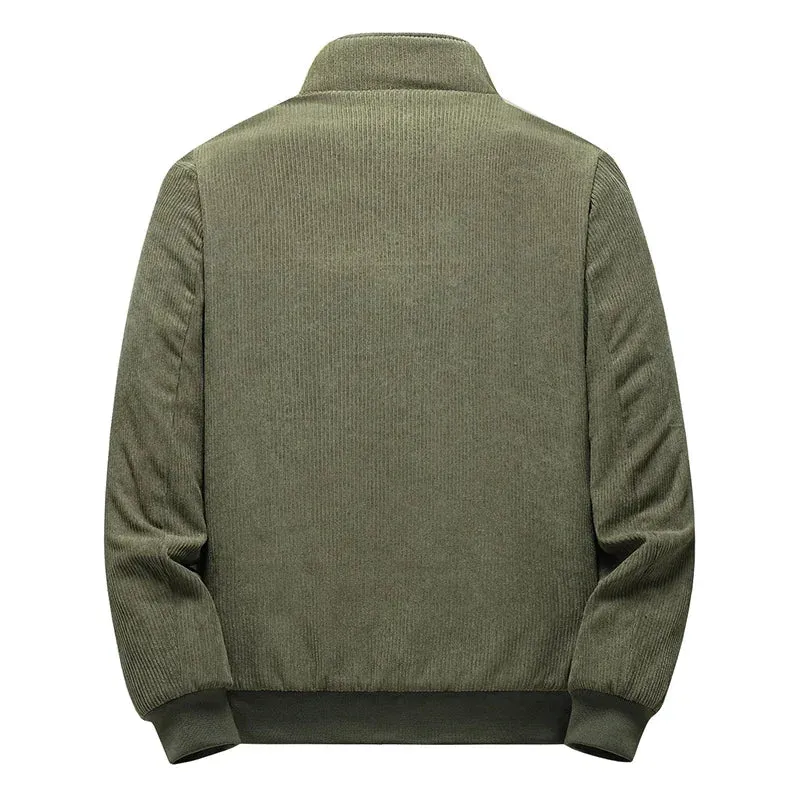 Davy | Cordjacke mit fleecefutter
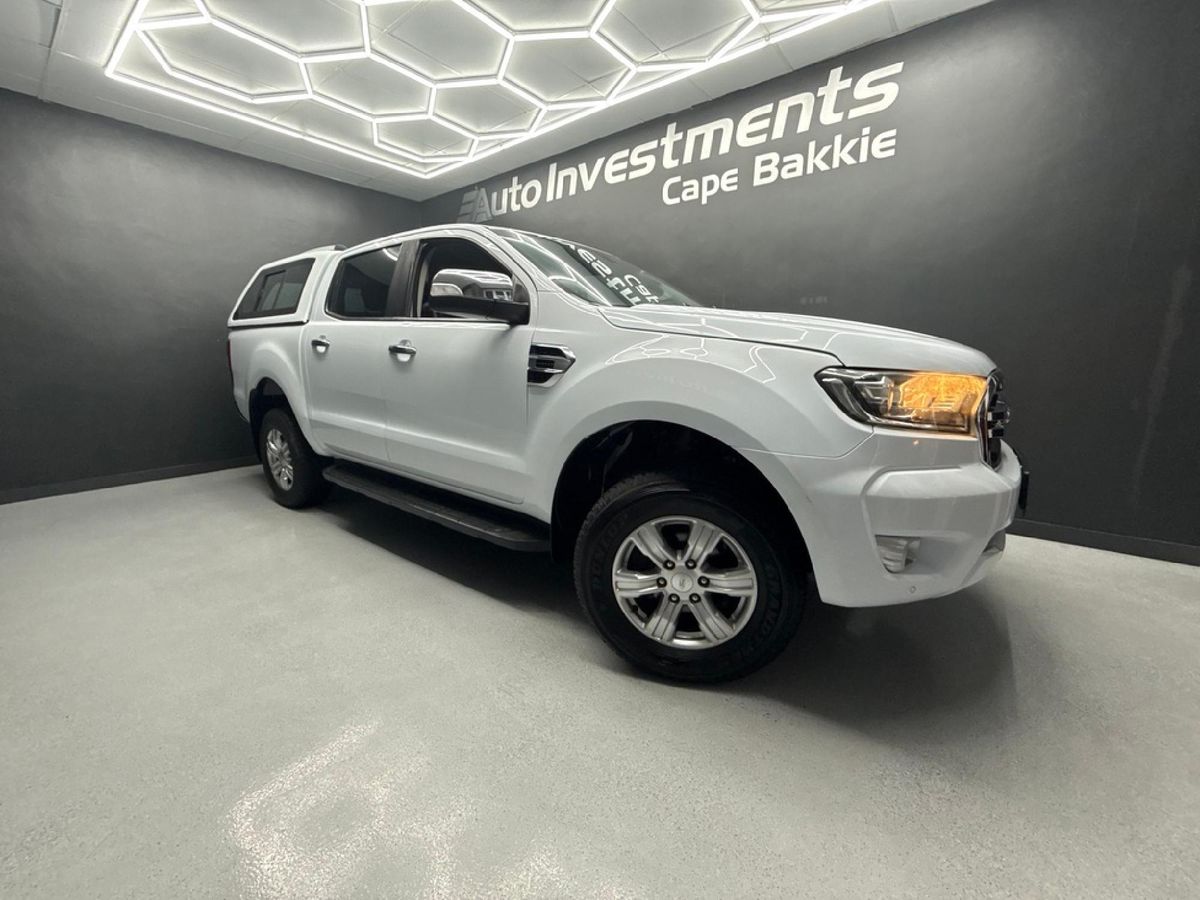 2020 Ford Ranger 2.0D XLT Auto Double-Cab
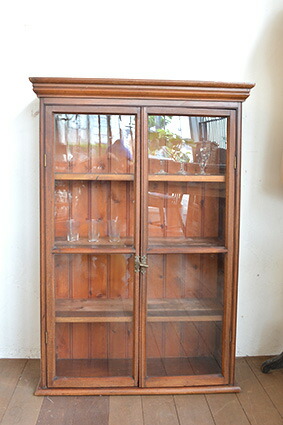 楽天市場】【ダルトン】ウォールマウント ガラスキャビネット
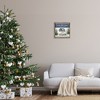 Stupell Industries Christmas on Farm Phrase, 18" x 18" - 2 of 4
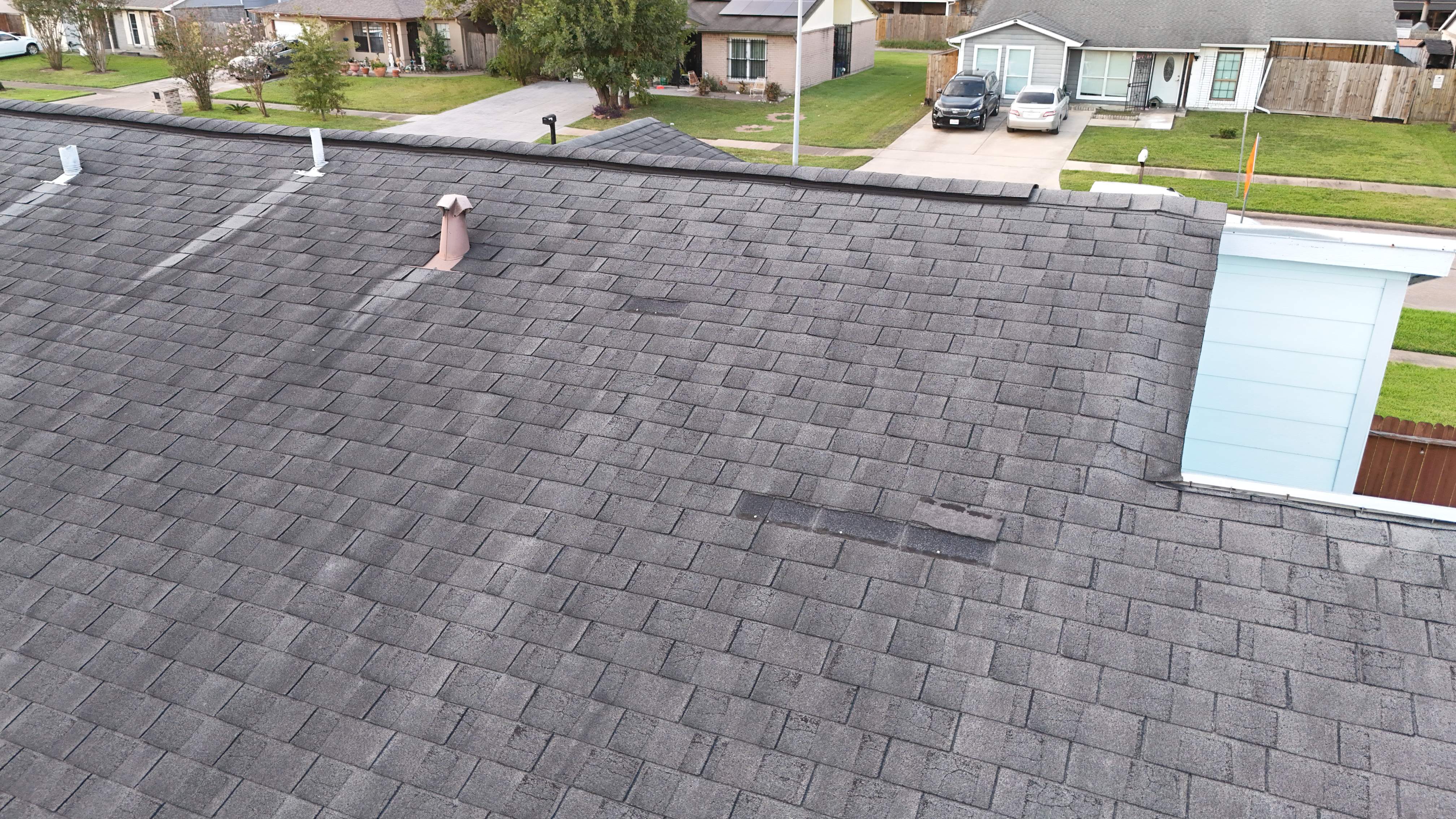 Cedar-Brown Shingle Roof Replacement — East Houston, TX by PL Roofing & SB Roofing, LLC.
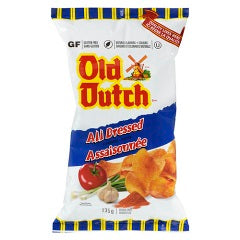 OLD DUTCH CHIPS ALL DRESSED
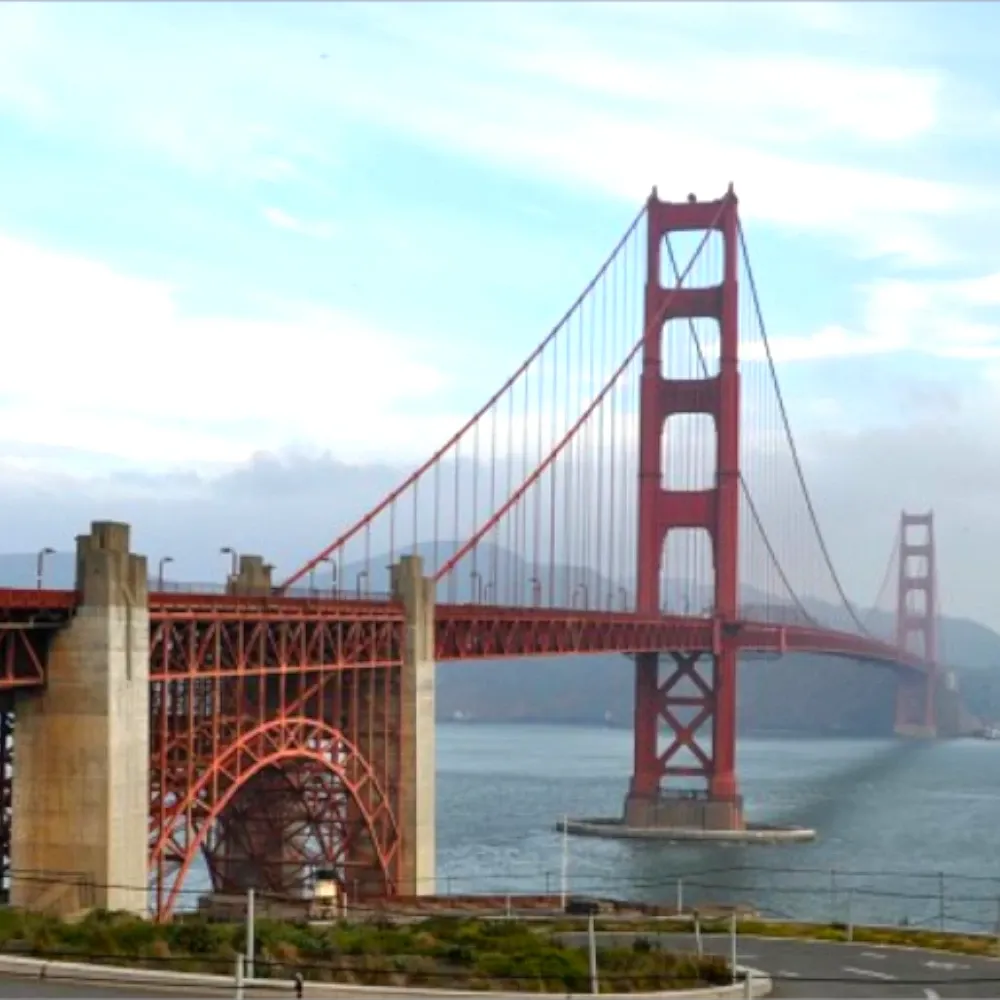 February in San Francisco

* * *

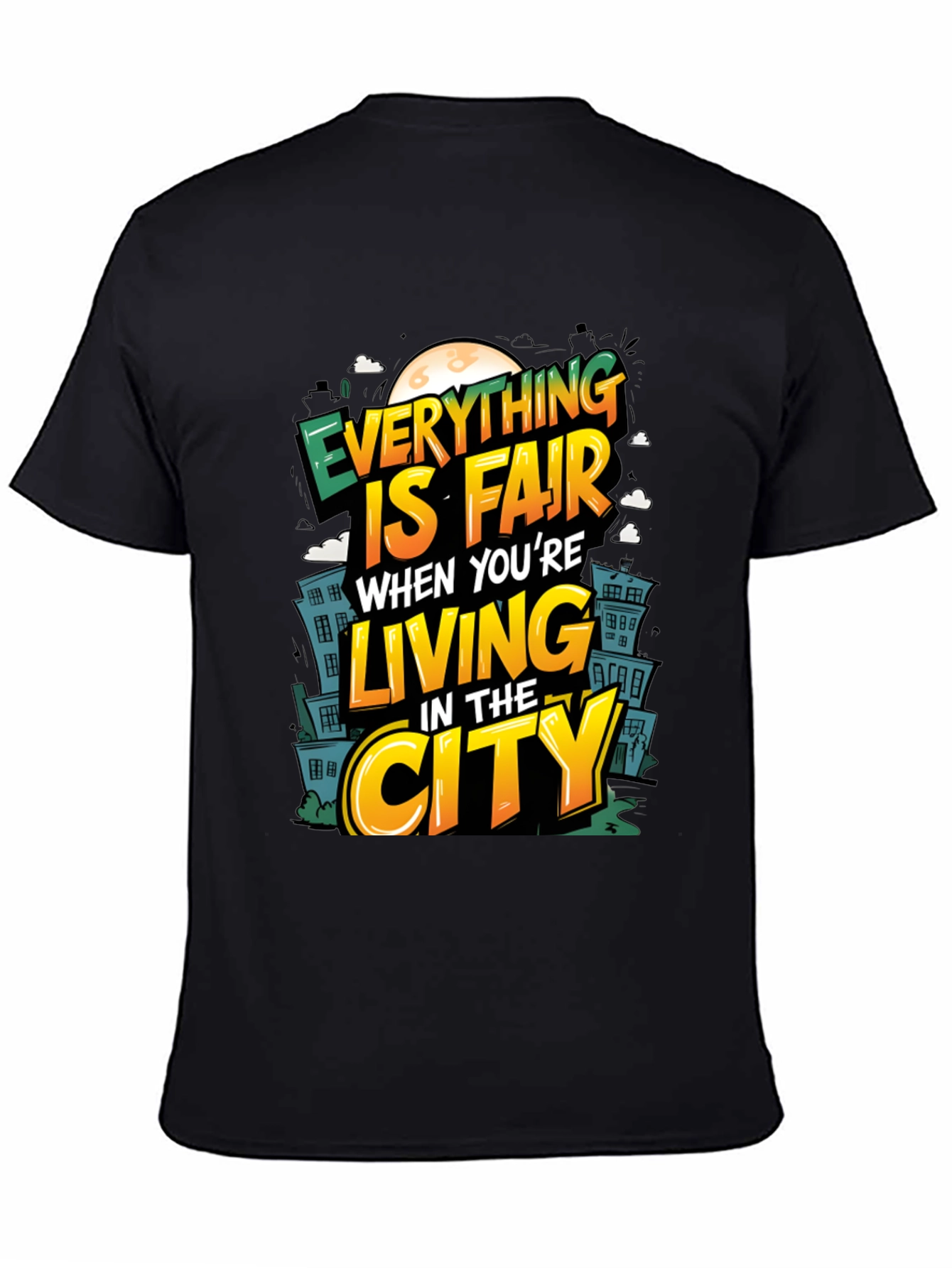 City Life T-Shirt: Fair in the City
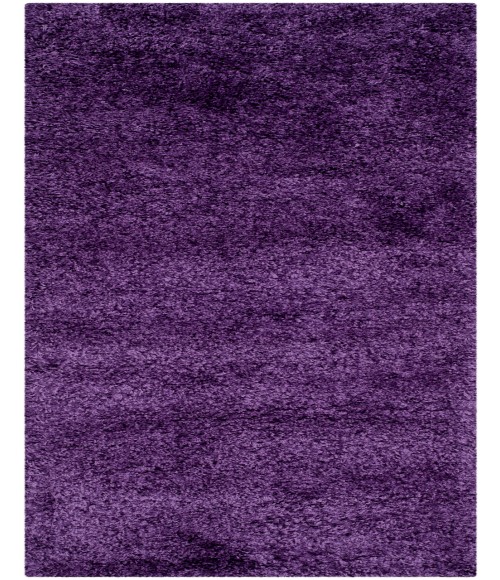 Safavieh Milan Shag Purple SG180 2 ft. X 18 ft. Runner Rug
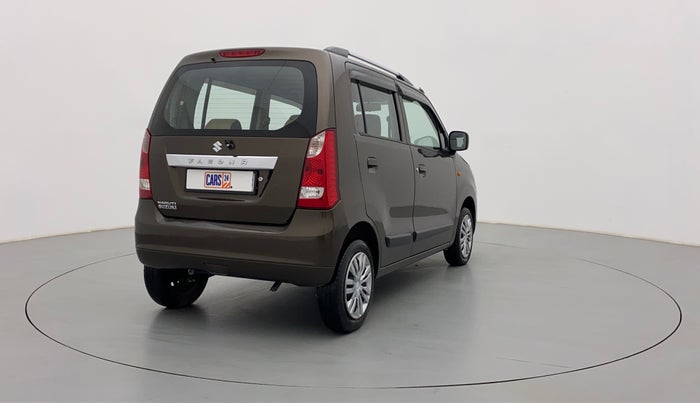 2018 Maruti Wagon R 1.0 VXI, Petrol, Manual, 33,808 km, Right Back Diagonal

### Task details
Start with the line above containing "OLD DUTCH CHIPS ALL DRESSED" and end with the line containing "February in San Francisco". Set down that stretch exactly, without any pictures.

### Task response
 OLD DUTCH CHIPS ALL DRESSED
 February in San Francisco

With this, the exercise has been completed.